Traveling as a study abroad student comes with many advantages, as well as disadvantages. These disadvantages include opting to book the cheapest flights possible—in order to snag fabulous deals to ~swankier~ places like Ibiza, one must book in off-season months.
So I did what any responsible study abroad student did during my two-week long reading period; I booked a two-week holiday.
Ibiza, being the go-to destination for young people that it is, was only a $15 ticket away; a deal my friends and I just couldn’t pass up.
We arrive at our four-day Ibiza excursion late at night and hungry. Since the rumor is that Spaniards eat late, we venture out of our accommodating hostel in search of food. As it turns out, off-season on the San Antonio side of the island doesn’t have much open around 11 pm. We wander about ten minutes down to the water and find a few larger restaurants open.
The menus are huge and serve nearly anything; clearly made for accommodating tourists. Restaurants like this are common throughout Europe tourist destinations as a whole, as they can accommodate most travelers with a wide variety of foods like pizza, pasta, salads and of course traditional cuisine. These are the few places that make enough profit and can afford to keep their businesses open throughout winter and spring off-season months. By the time we leave the island we eat at this restaurant twice for dinner. If only I could remember the name; simply because the seafood and paella were everything I could have asked for.
As for other meals throughout our days on the Balearic Island, we end up stumbling upon a few go-to breakfast and lunch spots.
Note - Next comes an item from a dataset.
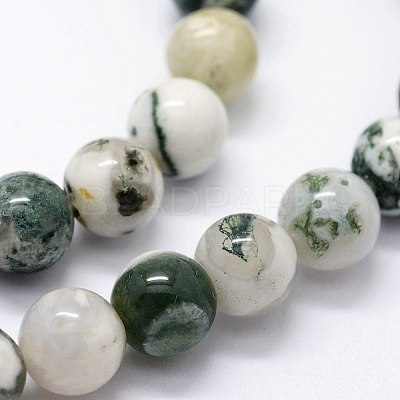 Natural Tree Agate Beads Strands G-I199-03-10mm-1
I mostly opt for breakfast foods like scrambled eggs on toast with lox, one morning I also end up trying my first ever acai bowl and it was impressive.
Since the weather was still warm enough to relax on the beaches, which thankfully in off-season made them out to be vacant with people, I opt for a café freddo (iced coffee, slightly out of this world because of how amazing it was) with breakfast as well as freshly squeezed juices once or twice a day. Just because it wasn’t tourist season didn’t mean it wasn’t the season for fresh fruit!
The only downside of Ibiza in its off-season would have to be the nightlife; which is one of the islands main characteristics. While I stayed on the San Antonio side, a side still possessing the famous nightlife of Ibiza but more focused on beach-life, there wasn’t much nightlife happening while I was there.